*Work to be completed:* Down to the last line, print the data that follows exactly, without its pictures.

*Supplied material:*
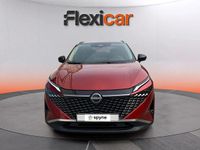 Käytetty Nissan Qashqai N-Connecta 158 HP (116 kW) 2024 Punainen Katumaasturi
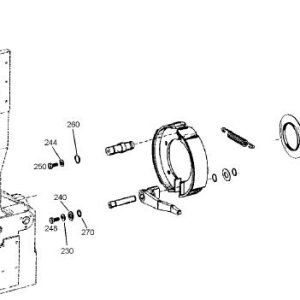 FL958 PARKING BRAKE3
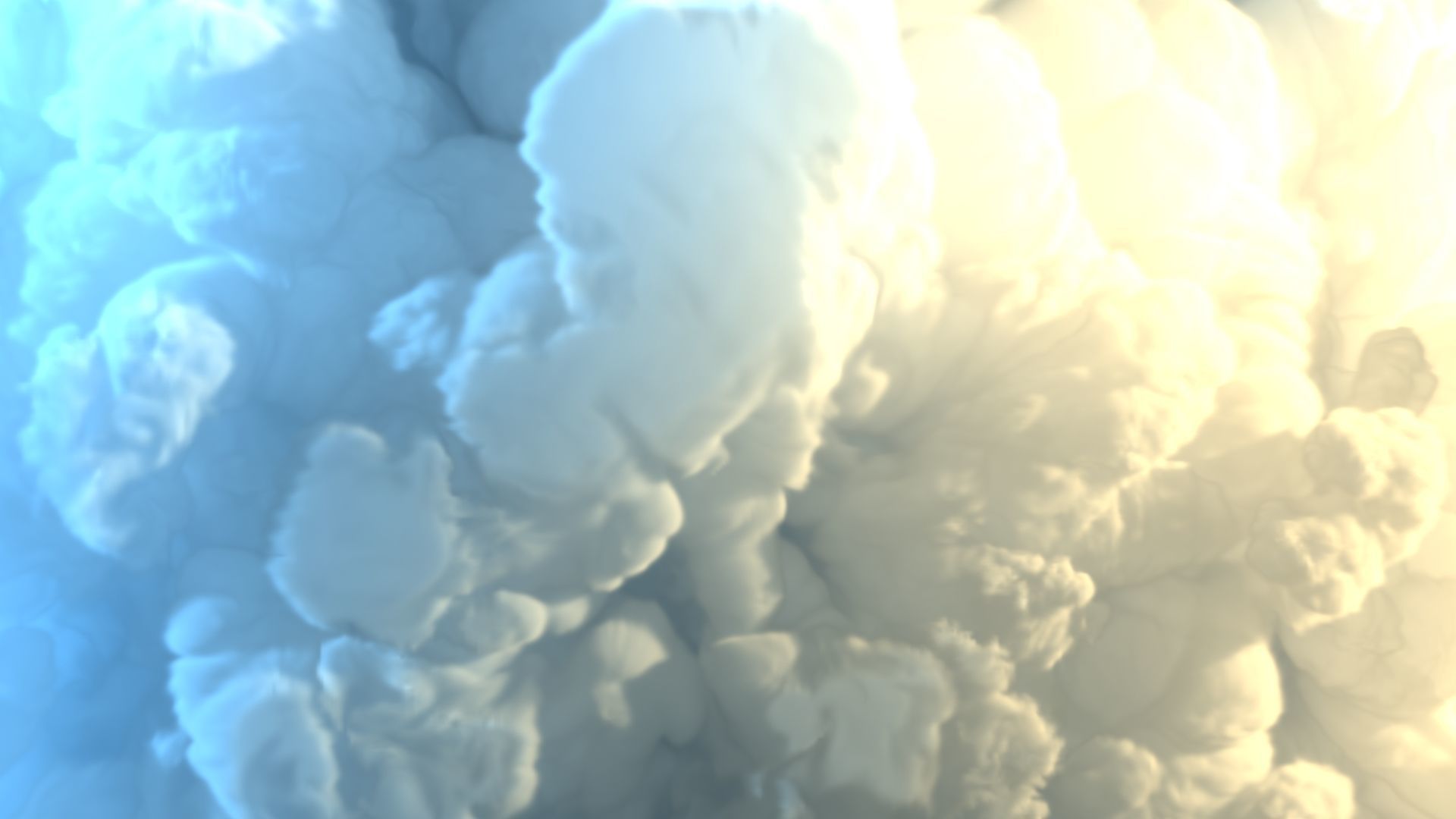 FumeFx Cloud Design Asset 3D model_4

*Solution for this exercise:*
 Käytetty Nissan Qashqai N-Connecta 158 HP (116 kW) 2024 Punainen Katumaasturi
 FL958 PARKING BRAKE3
 FumeFx Cloud Design Asset 3D model_4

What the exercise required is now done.